Sadness Point, And Happines Point.


Perum Hargo Wilis, 11 Agustus 2012
                Dimana bahagiamu diletakkan? Di suatu tempatkah? Pada sebuah bendakah? Atau pada suatu waktukah? Atau jangan-jangan, pada seseorang? Lalu, mana yang terbaik bagi kita diantara keempat  pilihan diatas?

Aku melompat turun dari pintu. Bus PO. Tjipto itupun melesat berlalu. Perjalanan enam jam yang melelahkan.  Apalagi perut ini hanya diganjal air putih saat berbuka di terminal probolinggo tadi. Aku terdiam sejenak, mengawasi keadaan sekitar. Entah berapa kali moment seperti ini terjadi dalam hidupku. Tidak, ini bukan semacam De Javu yang diceritakan mb yus padaku.  Angin dinginnya, lambaian akar beringin, lampu kota yang bersinar kuning, dan punggung bus yang segera berlalu menjauh.
Percayalah, Tidak ada cuaca yang berubah secepat cuaca Hati. Beberapa tahun lalu, aku menjejakkan kaki di tempat ini dengan perasaan gembira, beberapa tahun sebelumnya, penjejakan kaki disini membuatku sedih. Dan, sekarang, terulang lagi, aku tiba di tempat ini dengan perasaan sedih.

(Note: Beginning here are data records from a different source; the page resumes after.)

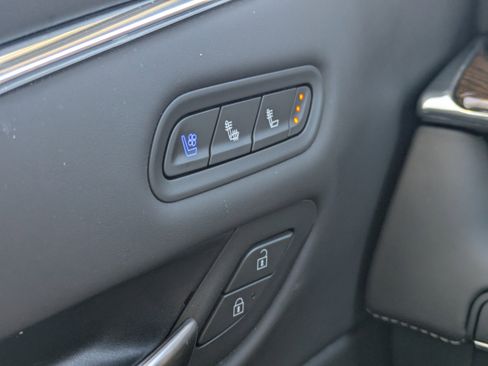 Used 2024 Cadillac Escalade Premium Luxury Platinum image 28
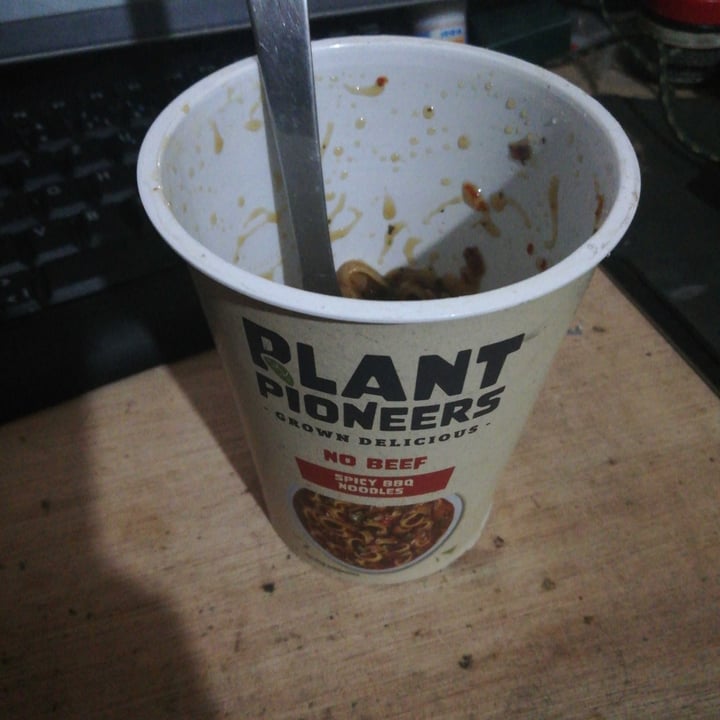photo of Plant Pioneers No Beef - Spicy BBQ Noodles shared by @noviceartisan on  16 Apr 2022 - review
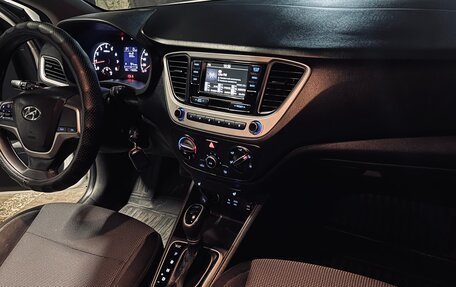 Hyundai Solaris II рестайлинг, 2018 год, 1 020 000 рублей, 10 фотография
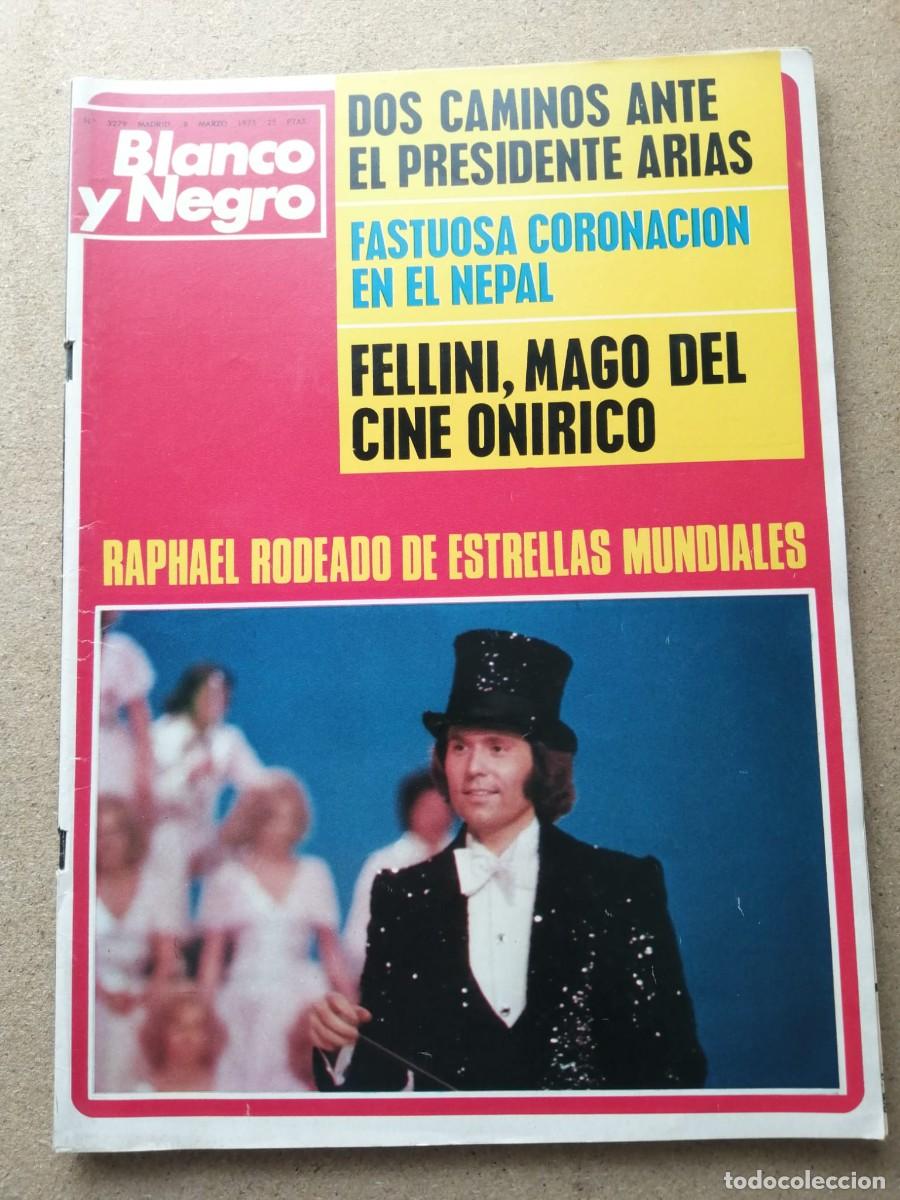 Coleccionismo de Revista Blanco y Negro: BLANCO Y NEGRO (NUMERO 3279) RAPHAEL RODEADO DE ESTRELLAS MUNDIALES - FELLINI MAESTRO DEL CINE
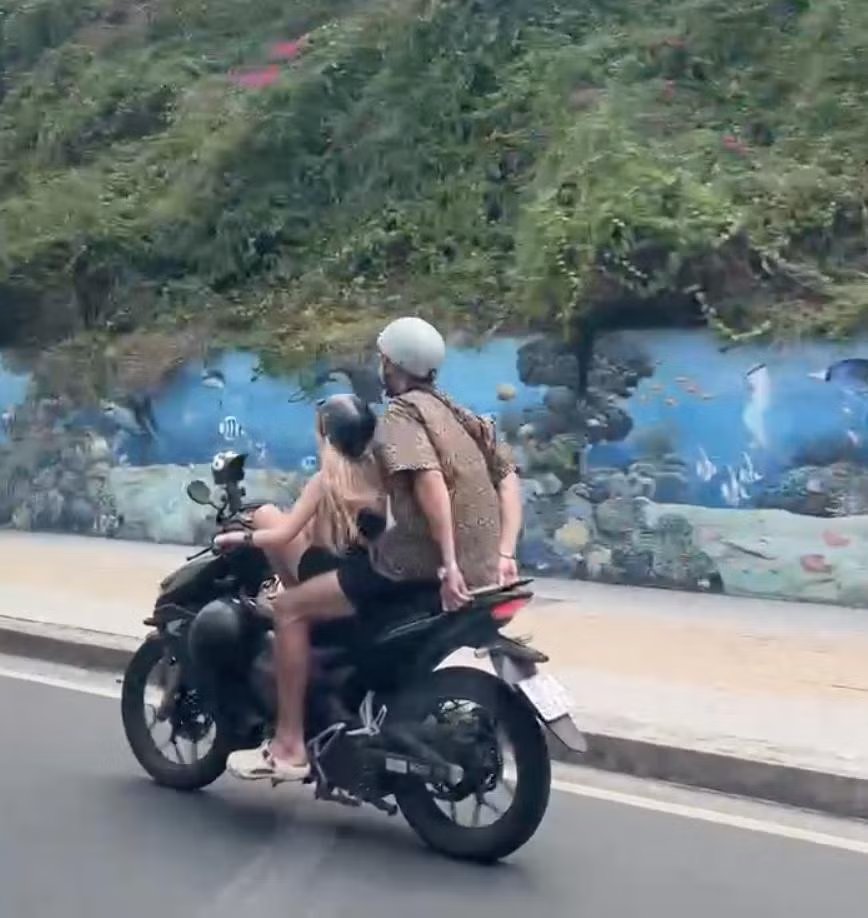 17-1786973890-xac-minh-video-be-gai-nuoc-ngoai-lai-xe-may-o-nha-trang
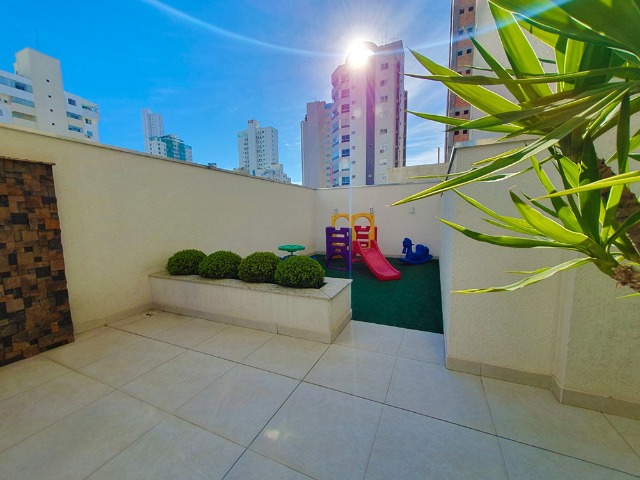 Apartamento à venda com 3 quartos, 133m² - Foto 18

Sesaat tempat ini jadi bahagiaku, Sesaat tempat ini jadi sedihku, lalu, dimanakah kebahagiaan sejati itu?
Dimana Bahagiamu diletakkan?  Dulu sekali, bahagiaku diletakkan pada mobil polisi Lamborghini ungu hadiah kakek sepulang dari tanah suci. Lalu pada Tamagochi kecilku. Lalu pada mobil Tamiya Mantaray yang kubeli dari tabungaku. Lalu pada Elang Emas tungganganku, lalu pada trofi juara IPS-Ku.
Lalu, kebahagiaanku diletakkan pada tiap-tiap menjelang bulan Ramadhan. Pada pagihari, siang, sore dan malam harinya. Lalu, pada setiap perjalanan menuju rumah kakek. Jalannya, pelabuhannya. Aku sedih  saat menaiki bus meninggalkan Madura, semakin meradang saat pulauku itu menjauh ditelan biru laut selat madura. Aku bisa melamun seharian penuh memadang keluar jendela bis. Lalu mulai menangis saat memasuki gerbang kota Bondowoso. Semakin menjadi saat ayah berujar padaku “Selamat datang Bondowoso, selamat datang kota perjuangan.”
Keadaan berbalik, sedihku dipasang saat meninggalkan Bondowoso untuk mengaji 64 Km jauhnya dari rumah. Sendirian. Di depan sana tak ada lagi kasur empuk, makanan gratis, rumah yang nyaman dan orang-orang yang menyayangimu.
Lalu, bahagiaku dipasang saat menjemput surat izin pulang dari pondok. Menuju rumah, berisirahat dari overheat  dinamika mencari ilmu. Aku nyaris melompat kegirangan saat memasuki gerbang kota Bondowoso. Madura? Semakin lama semakin terasa biasa. Begitu terus berulang-ulang, setiap tahun.
Jadi, dimanakah kebahagiaan sejati kita itu? Di suatu tempatkah? Pada suatu bendakah? Dalam suatu waktukah? Atau pada seseorang? Semua jawaban salah, kebahagiaan itu ada dalam Hati kita masing-masing, kitalah  yang mengatur cuaca bagi hati kita.
Pintar-pintarlah menbedakan mana kebahagiaan, mana kesenangan. Berusahalah untuk bahagia, jangan berusaha untuk senang. Senang hanya kesementaraan yang memabukkan. Sedang bahagia adalah ketenangan abadi. Bahagia tak selalu berbentuk tawa. Bahagia kadang direpresentasikan dengan air mata, jeritan, bahkan rintihan, atau diam. Bahkan, adakalanya saat hati kita bersedih, saat itulah juga kita sedang bahagia.
Sahabatku, ada seribu alasan bagi kita untuk Bahagia, Seribu pula alasan bagi kita untuk Bersedih. Namun, ketahuilah, Sedih dan Bahagia, semuanya terserah kita.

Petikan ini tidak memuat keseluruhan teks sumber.